Una de las películas que más he visto en mi vida es la célebre y galardonada “Los diez mandamientos”, película estadounidense épica de 1956, dirigida y producida por Cecil B. DeMille. Dramatiza la historia bíblica de la vida de Moisés, un príncipe egipcio adoptado que se convierte en el líder de su verdadero pueblo, la esclavizada nación hebrea, y por lo tanto, dirige el éxodo al Monte Sinaí, donde recibe los Diez Mandamientos de parte de Dios. La cinta nos muestra que el poder divino es muy grande, que el Dios de Moisés y de los hebreos es el único y verdadero Dios. Hay una escena en que el escogido por Dios, Moisés, baja del Monte Sinaí luego de pasar 40 días y 40 noches en la montaña con los diez mandamientos ya escritos por el dedo de Dios en las tablas, pero asombrado y molesto, mira como su pueblo se ha corrompido, por lo que se desata su ira y les lanza las tablas de la ley, además de ser condenados por Dios a vagar durante 40 años por el desierto.

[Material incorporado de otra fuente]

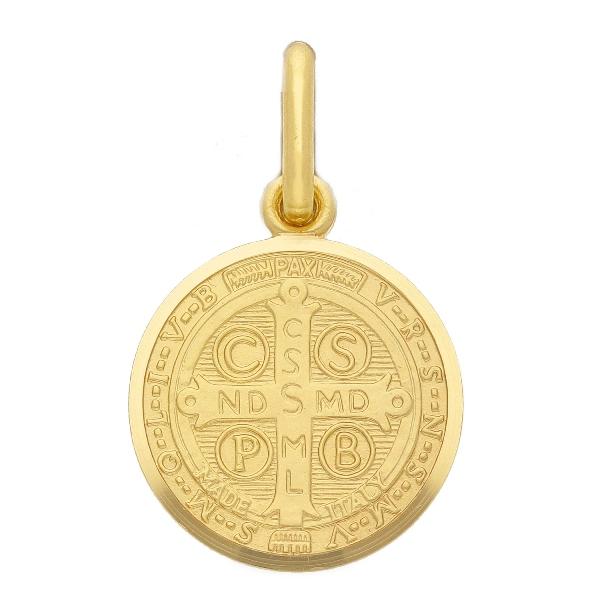18ct yellow gold "St. Benedict " 15mm medal
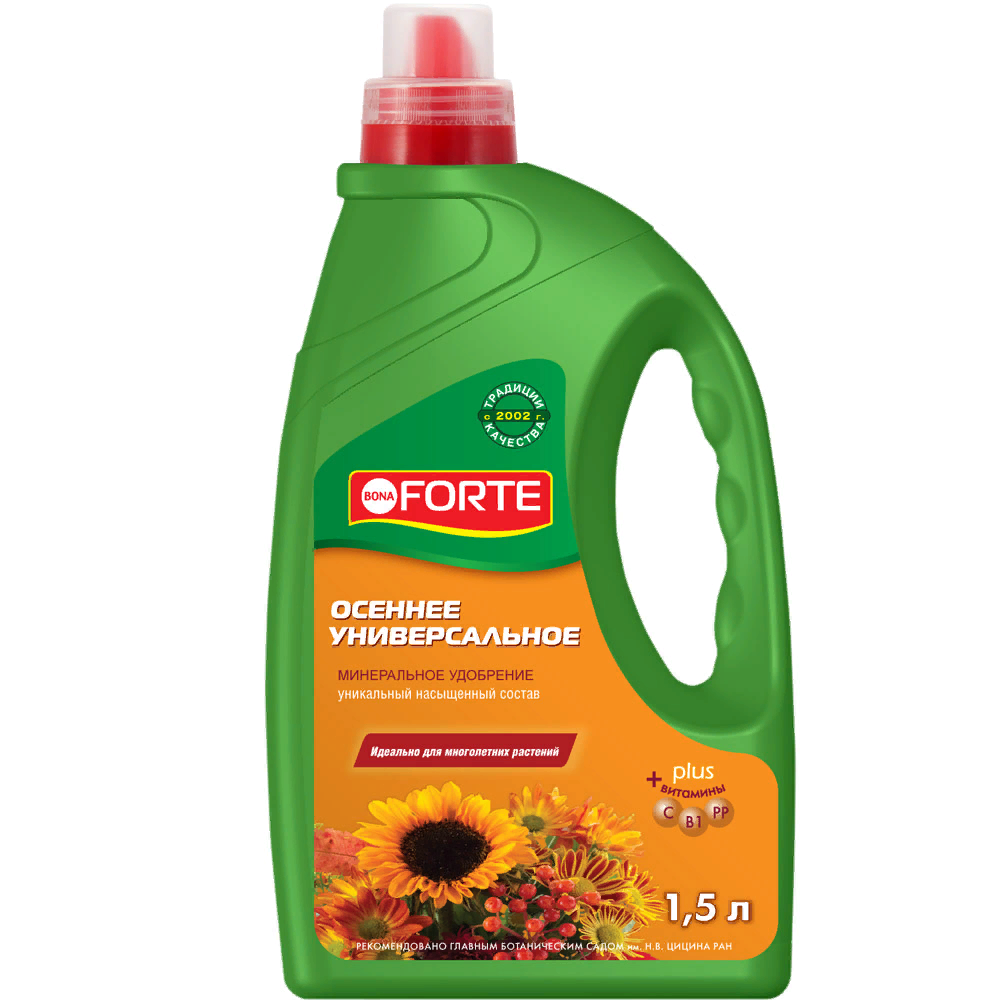 Удобрение BONA FORTE лето-осень 1,5л /4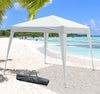 10' x 10' Arbor Barnum Folding Pop-up Garden Gazebo with Transport Bag-White
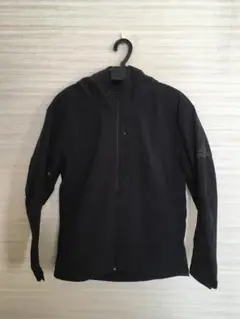 古着 アディダス adidas パーカー ジャケット 黒 レディース L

La biblia en Miqueas 3, sobre la corrupción nos dice: “Escuchen, gobernantes de Jacob, autoridades del pueblo de Israel: ¿Acaso no les corresponde a ustedes conocer el derecho? Ustedes odian el bien y aman el mal”. La corrupción es una de las lacras de nuestra sociedad, pero no es algo nuevo. En la biblia hay muchas referencias sobre ella escritas hace miles de años.
En las pasadas elecciones internas ha salido a la luz pública un fraude cometido en los tres partidos que acudieron con entusiasmo a ellas, respaldadas por un pueblo ávido de un cambio para elegir a nuevas autoridades.
Curiosamente, solo en el movimiento de Yani Rosenthal en el partido Liberal no se cometió este tipo de atropellos a la voluntad popular. Esto deja en evidencia que hemos llegado al punto en que tanto las autoridades encargadas del proceso, medios de comunicación y peor aún los jóvenes que estuvieron en las mesas receptoras fueron por “una mano peluda” corrompidos para llevar a cabo el peor de los procesos electorales de la historia de nuestra democracia.